Mas a herança deixada por Oswald de Andrade não encerra na poesia ou no papel crucial para a organização da Semana de Arte Moderna, evento importante para apresentar ao país as diretrizes de um movimento que se expandirá, assumirá feições diversas, primando sempre uma arte brasileira, certo ou qualquer traço daquele primeiro instante do nosso nacionalismo formado ainda durante os últimos instantes da literatura romântica. 

Antes de chegarmos ao romancista, vale citar a obra que compôs para o teatro; assim, como na prosa, seu trânsito por aqui é irregular. Escreveu algumas peças menores como A recusa (1913) e O filho do sonho (1917), como O homem e o cavalo (1934) e A morta (1937). Mas, seu destaque foi, devido a adaptação hoje célebre de José Celso Martinez Corrêa, O rei da vela (1955).

A sua prosa experimentalista, o melhor do que produziu nessa seara, também são feitos como o melhor da sua poesia e do teatro da reelaboração (no sentido de laboração, trabalho) pelo avesso da linguagem objetivista, introduzindo outras maneiras/ formas de uso substancial do próprio gênero, fundindo-o à poesia, fazendo-o com os materiais de linguagens diversas. Foi esse trabalho de artífice com a palavra, seus tons, sons, gestos e sentidos o que faz de Oswald de Andrade alcançar o lugar da importância para a literatura nacional e a palavra de Antonio Candido, crítico e seu amigo, serve para justificar tal perspectiva.

A primeira obra de Oswald de Andrade como romancista é irregular, sobram um "gongorismo psicológico" e o desenho de estereotipias; suas figuras são feitas "de um só bloco, sem complexidade e sem profundidade, não passam de autômatos, cada um com a sua etiqueta moral pendurada no pescoço, Reina um convencionalismo total do ponto de vista psicológico", afirma Candido acerca de Os condenados (1922), o primeiro livro de uma trilogia que terá ainda A estrela de absinto (1927) e A escada vermelha (1934).² 

Memórias sentimentais de João Miramar (1924) e seu par Serafim Ponte Grande (1933) são, na compreensão do autor de Formação da Literatura Brasileira, duas das obras mais importantes na tábua bibliográfica do escritor aqui em destaque, embora não deixe de alfinetar o último romance, ao explicar que Oswald de Andrade parece esconder no estilo telegráfico e na síncopa certo comodismo ou preguiça de aprofundar problemas de composição. José Paulo Paes acentua a extravagância verbal formada por metáforas de impacto, rimas, aliterações, metonímias, oximoros, usos onomatopaicos tendendo à semantização, trocadilhos, deslocamentos dos adjetivos, de regência verbal, nominações grotescas, entre outros usos oferecem a qualidade que parece querer despontar com a Trilogia do exílio.

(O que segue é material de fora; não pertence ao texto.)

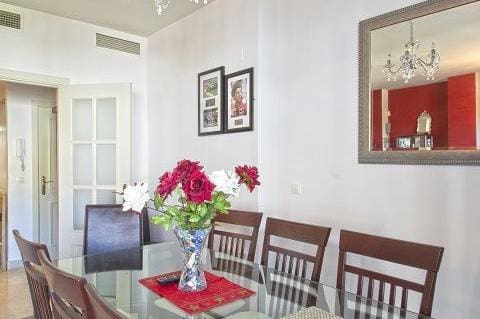 3 sypialnia Apartament na sprzedaż w Nueva Andalucia z basenem garażem - 380 000 € (Ref: 10002263)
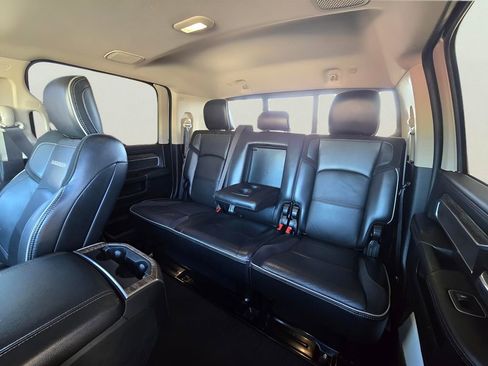Used 2020 RAM 2500 Laramie w/ Chrome Appearance Group AWD/4WD image 37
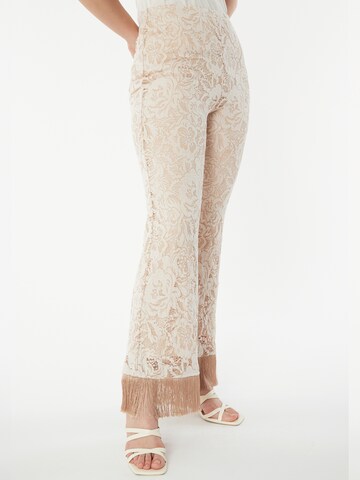 Ana Alcazar Boot cut Pants 'Zakira' in Beige: front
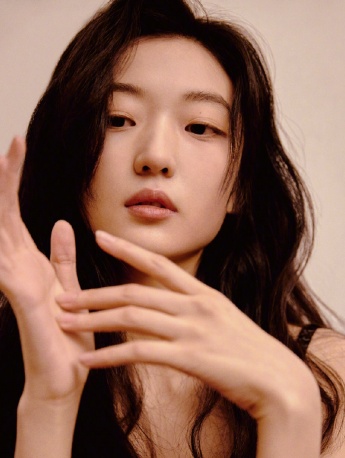 Sun Qian《ELLE》fashion magazine photo pictures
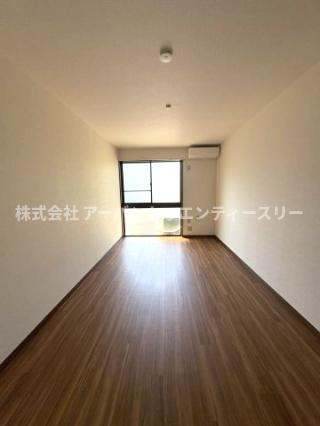プレジールフォレストの洋室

Além desses livros, no romance, saiu o díptico intitulado Marco zero e formado pelos livros A revolução melancólica (1943) e Chão (1945). O trabalho é, nos dizeres de Candido, uma síntese da prosa oswaldiana. Projetada para ser uma pentalogia brasílico-paulistana, a obra deveria cobrir o tempo histórico inaugurado com o fracasso da revolução de 1932 até alcançar os dias mais contemporâneos ao autor propondo-se a desnudar certa burguesia desnudando-a criticamente. 

Oswald de Andrade nasceu em 1890 e morreu em 1954. Sua importância para a literatura brasileira talvez nem esteja circunscrita ao seu trabalho literário, mas a permanente fonte de inquietação e o papel de agitador cultural naquele país tendendo sempre à pasmaceira e à carolice de certa burguesia sacudida apenas pela crise de capital tem valia continuamente, afinal, o Brasil esteve sempre seduzido por vias escusas, as vias que não são nossas, enquanto se acumulam a falta de solução para os nossos rumos.


Notas: 
1 As citações de Haroldo de Campos, do ensaio "Uma poética da radicalidade" estão no livro Pau Brasil, de Oswald de Andrade (Editora Globo, 2003).

2 O ensaio de Antonio Candido, referido e citado, é "Estouro e libertação" e está no livro Vários escritos (Livraria Duas Cidades, 1977).